'Wonder Woman' director slams James Cameron's 'inability to understand' the film

"It’s just male Hollywood doing the same old thing!" Cameron said of the film.

— -- When "Wonder Woman" landed the number-one spot on its opening weekend with a haul of more than $100 million, fans cheered that the success of the film, which was directed by Patty Jenkins, was a victory for women everywhere.

In a new interview with the Guardian newspaper Cameron said that the protagonist of the film, actress Gal Gadot's Wonder Woman, was "an objectified icon."

“All of the self-congratulatory back-patting Hollywood’s been doing over 'Wonder Woman' has been so misguided," he said. "It’s just male Hollywood doing the same old thing! I’m not saying I didn’t like the movie but, to me, it’s a step backwards."

In his critique of the movie, Cameron pointed to the female lead in "The Terminator," which he directed, as a better heroine.

"Sarah Connor was not a beauty icon. She was strong, she was troubled, she was a terrible mother, and she earned the respect of the audience through pure grit," he said. "To me, [the benefit of characters like Sarah] is so obvious. I mean, half the audience is female!”

"Wonder Woman," which set a new record for an opening weekend of a female-directed feature, has been lauded for inspiring young girls and dispelling the myth that female-driven movies aren't as lucrative as those with male leads.

In a tweet late Thursday night, Jenkins fired back at Cameron, stating that "if women have to always be hard, tough and troubled to be strong, and we aren't free to be multidimensional or celebrate an icon of women everywhere because she is attractive and loving, then we haven't come very far."

"James Cameron's inability to understand what 'Wonder Woman' is, or stands for, to women all over the world is unsurprising as, though he is a great filmmaker, he is not a woman," she wrote. I believe women can and should be EVERYTHING just like male lead characters should be. There is no right and wrong kind of powerful woman. And the massive female audience who made the film a hit it is, can surely choose and judge their own icons of progress."

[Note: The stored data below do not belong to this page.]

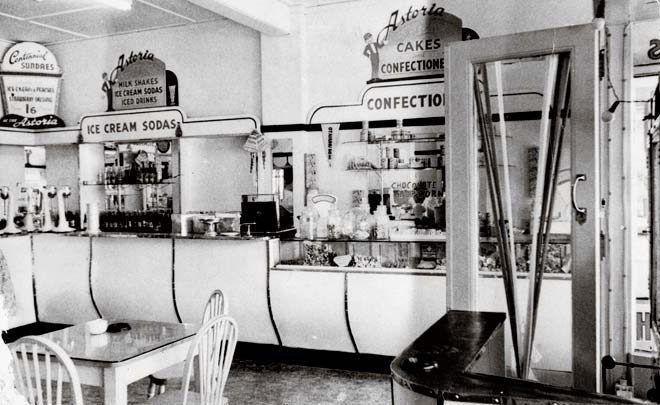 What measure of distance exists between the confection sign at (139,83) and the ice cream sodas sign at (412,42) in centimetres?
255

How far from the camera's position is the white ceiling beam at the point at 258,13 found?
528 centimetres

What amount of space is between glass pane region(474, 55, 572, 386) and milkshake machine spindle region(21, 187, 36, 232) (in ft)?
18.0

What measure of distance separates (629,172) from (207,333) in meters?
3.69

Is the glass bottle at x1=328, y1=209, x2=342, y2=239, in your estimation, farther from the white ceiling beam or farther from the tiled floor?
the white ceiling beam

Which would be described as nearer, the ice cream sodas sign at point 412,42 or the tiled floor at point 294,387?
the tiled floor at point 294,387

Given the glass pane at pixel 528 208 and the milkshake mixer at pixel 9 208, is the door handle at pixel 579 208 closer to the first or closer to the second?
the glass pane at pixel 528 208

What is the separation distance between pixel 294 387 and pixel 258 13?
3.53 meters

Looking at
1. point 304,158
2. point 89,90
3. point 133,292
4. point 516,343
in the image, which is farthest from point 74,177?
point 516,343

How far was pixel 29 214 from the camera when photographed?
7477mm

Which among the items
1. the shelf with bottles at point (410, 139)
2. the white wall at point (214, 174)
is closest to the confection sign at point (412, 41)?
the shelf with bottles at point (410, 139)

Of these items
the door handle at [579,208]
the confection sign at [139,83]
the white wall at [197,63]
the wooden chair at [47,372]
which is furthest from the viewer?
the confection sign at [139,83]

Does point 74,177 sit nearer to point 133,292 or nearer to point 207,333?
point 133,292

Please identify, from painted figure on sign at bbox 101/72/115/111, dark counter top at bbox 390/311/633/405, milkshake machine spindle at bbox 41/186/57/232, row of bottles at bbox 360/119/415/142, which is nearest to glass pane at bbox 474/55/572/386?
row of bottles at bbox 360/119/415/142

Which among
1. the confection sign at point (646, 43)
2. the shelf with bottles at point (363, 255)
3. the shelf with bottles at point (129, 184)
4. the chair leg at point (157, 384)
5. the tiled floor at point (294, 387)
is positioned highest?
the confection sign at point (646, 43) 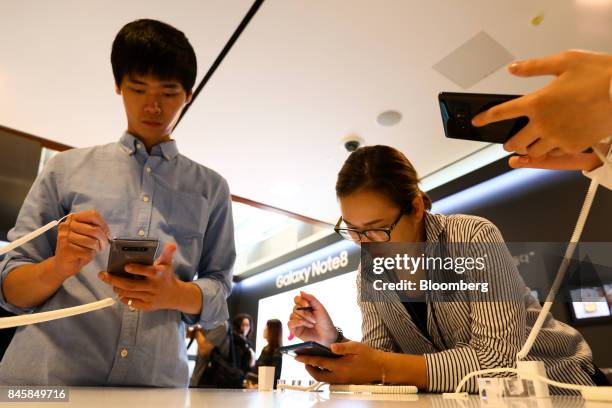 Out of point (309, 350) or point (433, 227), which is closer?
point (309, 350)

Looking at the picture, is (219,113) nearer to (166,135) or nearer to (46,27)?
(46,27)

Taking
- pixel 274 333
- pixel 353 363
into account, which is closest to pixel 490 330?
pixel 353 363

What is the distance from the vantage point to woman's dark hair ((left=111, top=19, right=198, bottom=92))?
4.05ft

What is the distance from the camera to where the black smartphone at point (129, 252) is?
2.91 ft

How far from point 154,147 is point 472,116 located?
0.96 m

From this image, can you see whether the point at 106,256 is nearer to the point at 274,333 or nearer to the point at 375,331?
the point at 375,331

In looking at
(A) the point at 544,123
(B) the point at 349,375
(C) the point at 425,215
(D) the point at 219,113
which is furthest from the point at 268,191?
(A) the point at 544,123

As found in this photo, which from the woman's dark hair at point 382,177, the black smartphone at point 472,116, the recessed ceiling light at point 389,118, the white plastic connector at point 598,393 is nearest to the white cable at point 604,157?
the black smartphone at point 472,116

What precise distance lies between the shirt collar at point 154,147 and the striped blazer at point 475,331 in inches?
33.9

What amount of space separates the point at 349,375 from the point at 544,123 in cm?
80

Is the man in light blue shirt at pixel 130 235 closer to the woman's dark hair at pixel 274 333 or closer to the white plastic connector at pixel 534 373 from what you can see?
the white plastic connector at pixel 534 373

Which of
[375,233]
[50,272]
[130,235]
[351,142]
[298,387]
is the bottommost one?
[298,387]

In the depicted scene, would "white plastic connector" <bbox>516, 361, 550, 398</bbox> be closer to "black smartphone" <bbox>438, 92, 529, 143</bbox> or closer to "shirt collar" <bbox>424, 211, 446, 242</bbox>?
"black smartphone" <bbox>438, 92, 529, 143</bbox>

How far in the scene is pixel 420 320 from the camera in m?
1.40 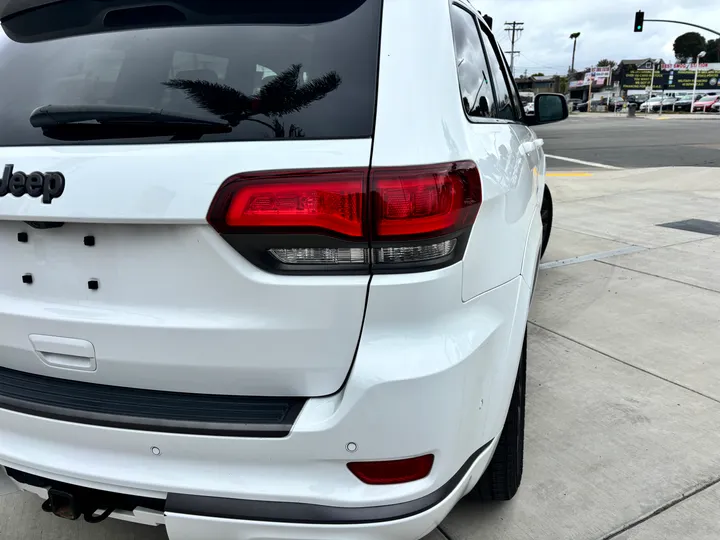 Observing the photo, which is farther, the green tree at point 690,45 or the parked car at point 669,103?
the green tree at point 690,45

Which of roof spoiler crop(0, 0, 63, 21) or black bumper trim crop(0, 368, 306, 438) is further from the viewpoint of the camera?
roof spoiler crop(0, 0, 63, 21)

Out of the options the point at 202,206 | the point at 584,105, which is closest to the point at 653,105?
the point at 584,105

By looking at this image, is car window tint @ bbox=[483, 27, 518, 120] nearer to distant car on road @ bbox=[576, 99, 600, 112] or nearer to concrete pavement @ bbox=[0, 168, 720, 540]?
concrete pavement @ bbox=[0, 168, 720, 540]

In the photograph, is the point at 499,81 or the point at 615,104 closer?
the point at 499,81

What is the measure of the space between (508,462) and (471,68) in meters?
1.43

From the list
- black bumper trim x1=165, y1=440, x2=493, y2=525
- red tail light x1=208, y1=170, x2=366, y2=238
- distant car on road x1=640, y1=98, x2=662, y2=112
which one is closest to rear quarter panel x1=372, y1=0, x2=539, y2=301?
red tail light x1=208, y1=170, x2=366, y2=238

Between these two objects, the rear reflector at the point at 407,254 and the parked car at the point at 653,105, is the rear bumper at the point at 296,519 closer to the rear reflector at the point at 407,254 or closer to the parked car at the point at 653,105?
the rear reflector at the point at 407,254

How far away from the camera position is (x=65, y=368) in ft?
5.58

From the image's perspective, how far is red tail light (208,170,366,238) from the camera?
143cm

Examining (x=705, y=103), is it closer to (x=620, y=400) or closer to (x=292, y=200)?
(x=620, y=400)

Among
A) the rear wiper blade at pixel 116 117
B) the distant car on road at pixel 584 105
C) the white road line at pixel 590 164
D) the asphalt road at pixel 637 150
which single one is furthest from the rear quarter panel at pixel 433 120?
the distant car on road at pixel 584 105

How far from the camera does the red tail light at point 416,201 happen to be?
145 cm

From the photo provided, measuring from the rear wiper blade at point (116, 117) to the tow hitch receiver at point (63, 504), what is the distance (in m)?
1.03

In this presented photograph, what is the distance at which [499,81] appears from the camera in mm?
2957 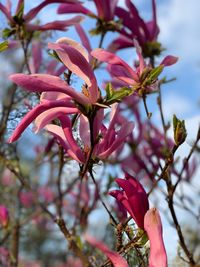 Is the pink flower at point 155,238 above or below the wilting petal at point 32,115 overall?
below

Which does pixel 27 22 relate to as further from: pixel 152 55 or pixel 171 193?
pixel 171 193

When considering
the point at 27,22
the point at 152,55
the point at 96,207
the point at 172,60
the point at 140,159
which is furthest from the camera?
the point at 96,207

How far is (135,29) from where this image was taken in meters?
1.28

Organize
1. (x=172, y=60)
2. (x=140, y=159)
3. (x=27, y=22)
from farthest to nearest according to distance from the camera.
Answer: (x=140, y=159), (x=27, y=22), (x=172, y=60)

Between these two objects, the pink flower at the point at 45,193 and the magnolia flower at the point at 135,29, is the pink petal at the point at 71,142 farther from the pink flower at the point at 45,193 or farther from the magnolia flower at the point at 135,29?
the pink flower at the point at 45,193

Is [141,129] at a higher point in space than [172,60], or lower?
higher

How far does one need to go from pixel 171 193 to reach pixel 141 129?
866 millimetres

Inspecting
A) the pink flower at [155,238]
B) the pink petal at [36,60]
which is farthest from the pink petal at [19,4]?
the pink flower at [155,238]

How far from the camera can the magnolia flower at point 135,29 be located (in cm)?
125

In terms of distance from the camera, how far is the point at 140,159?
5.29 feet

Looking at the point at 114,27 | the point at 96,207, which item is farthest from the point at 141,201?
the point at 96,207

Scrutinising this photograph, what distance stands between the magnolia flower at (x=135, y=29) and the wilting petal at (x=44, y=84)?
545 mm

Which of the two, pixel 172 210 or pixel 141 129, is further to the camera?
pixel 141 129

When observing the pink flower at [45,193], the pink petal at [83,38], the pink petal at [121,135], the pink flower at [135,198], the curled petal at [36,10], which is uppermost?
the pink flower at [45,193] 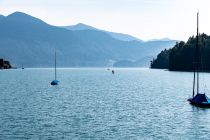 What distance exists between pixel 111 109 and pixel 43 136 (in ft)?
93.1

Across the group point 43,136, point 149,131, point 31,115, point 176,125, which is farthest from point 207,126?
point 31,115

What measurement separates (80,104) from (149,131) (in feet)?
111

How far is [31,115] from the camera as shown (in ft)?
225

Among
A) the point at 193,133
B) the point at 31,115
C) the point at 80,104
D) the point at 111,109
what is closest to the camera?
the point at 193,133

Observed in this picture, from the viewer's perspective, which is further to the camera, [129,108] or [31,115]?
[129,108]

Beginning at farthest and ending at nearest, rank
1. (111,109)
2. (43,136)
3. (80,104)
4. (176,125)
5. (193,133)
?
(80,104) → (111,109) → (176,125) → (193,133) → (43,136)

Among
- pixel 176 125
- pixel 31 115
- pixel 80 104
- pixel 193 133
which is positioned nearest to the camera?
pixel 193 133

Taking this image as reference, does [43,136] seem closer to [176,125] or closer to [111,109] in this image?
[176,125]

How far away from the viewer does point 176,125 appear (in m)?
59.7

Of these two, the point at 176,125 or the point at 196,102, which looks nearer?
the point at 176,125

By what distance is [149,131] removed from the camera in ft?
181

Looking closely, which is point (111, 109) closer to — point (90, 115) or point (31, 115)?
point (90, 115)

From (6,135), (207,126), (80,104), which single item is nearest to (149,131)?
(207,126)

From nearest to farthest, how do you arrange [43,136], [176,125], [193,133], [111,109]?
[43,136] < [193,133] < [176,125] < [111,109] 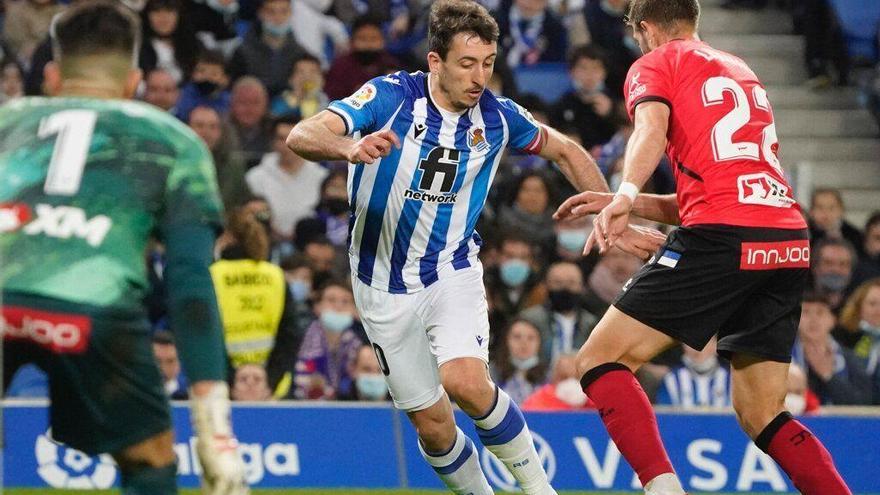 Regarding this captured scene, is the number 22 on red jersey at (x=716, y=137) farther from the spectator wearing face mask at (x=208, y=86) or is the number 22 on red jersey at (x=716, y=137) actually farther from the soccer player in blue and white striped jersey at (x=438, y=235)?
the spectator wearing face mask at (x=208, y=86)

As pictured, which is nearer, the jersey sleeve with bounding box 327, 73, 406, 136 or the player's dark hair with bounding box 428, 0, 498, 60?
the jersey sleeve with bounding box 327, 73, 406, 136

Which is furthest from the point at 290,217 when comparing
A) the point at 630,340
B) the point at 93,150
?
the point at 93,150

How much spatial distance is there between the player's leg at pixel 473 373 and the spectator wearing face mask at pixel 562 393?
2984mm

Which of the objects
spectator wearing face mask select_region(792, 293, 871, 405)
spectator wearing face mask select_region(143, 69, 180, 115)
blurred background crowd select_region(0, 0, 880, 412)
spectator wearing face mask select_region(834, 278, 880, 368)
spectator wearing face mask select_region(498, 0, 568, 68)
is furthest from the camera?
spectator wearing face mask select_region(498, 0, 568, 68)

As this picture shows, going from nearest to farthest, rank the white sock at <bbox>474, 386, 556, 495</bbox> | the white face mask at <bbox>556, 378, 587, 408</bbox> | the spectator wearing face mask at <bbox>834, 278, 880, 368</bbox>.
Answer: the white sock at <bbox>474, 386, 556, 495</bbox>, the white face mask at <bbox>556, 378, 587, 408</bbox>, the spectator wearing face mask at <bbox>834, 278, 880, 368</bbox>

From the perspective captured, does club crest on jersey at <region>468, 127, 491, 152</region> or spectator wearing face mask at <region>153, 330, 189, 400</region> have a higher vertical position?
club crest on jersey at <region>468, 127, 491, 152</region>

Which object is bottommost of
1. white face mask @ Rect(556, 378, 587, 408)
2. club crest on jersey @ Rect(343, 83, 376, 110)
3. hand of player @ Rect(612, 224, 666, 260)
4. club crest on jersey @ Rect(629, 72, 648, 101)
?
white face mask @ Rect(556, 378, 587, 408)

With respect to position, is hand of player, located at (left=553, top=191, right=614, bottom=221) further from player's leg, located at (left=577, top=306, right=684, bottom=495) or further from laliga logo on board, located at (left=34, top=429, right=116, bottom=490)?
laliga logo on board, located at (left=34, top=429, right=116, bottom=490)

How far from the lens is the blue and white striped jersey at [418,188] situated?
22.3ft

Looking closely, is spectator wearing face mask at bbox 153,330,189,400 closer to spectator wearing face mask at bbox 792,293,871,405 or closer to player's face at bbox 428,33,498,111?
player's face at bbox 428,33,498,111

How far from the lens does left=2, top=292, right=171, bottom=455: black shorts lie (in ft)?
13.6

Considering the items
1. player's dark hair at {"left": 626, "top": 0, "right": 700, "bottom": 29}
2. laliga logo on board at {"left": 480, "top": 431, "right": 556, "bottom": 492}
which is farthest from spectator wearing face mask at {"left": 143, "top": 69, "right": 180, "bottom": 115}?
player's dark hair at {"left": 626, "top": 0, "right": 700, "bottom": 29}

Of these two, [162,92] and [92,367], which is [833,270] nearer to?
[162,92]

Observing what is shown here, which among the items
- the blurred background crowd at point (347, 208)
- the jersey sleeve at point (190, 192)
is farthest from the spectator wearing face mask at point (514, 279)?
the jersey sleeve at point (190, 192)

Making "Wonder Woman" was a passion project for Jenkins, who fought for more than a decade to get it made. Fighting stereotypes, she told ABC News prior to the film's release, was a tough process.

"It got lost in this strange belief system that action movies were only for boys and that superheroes were only for boys," she explained. "[But] comics have always had a bunch of great female characters and a bunch of great female superheroes."

"I think [Wonder Woman] is the grand, classic superhero ... of which there are very few," Jenkins continued. "Many of the superheroes stand for different, smaller things. She is a hero: uncomplicated, loving, kind. Also sexy, cool, tough, badass."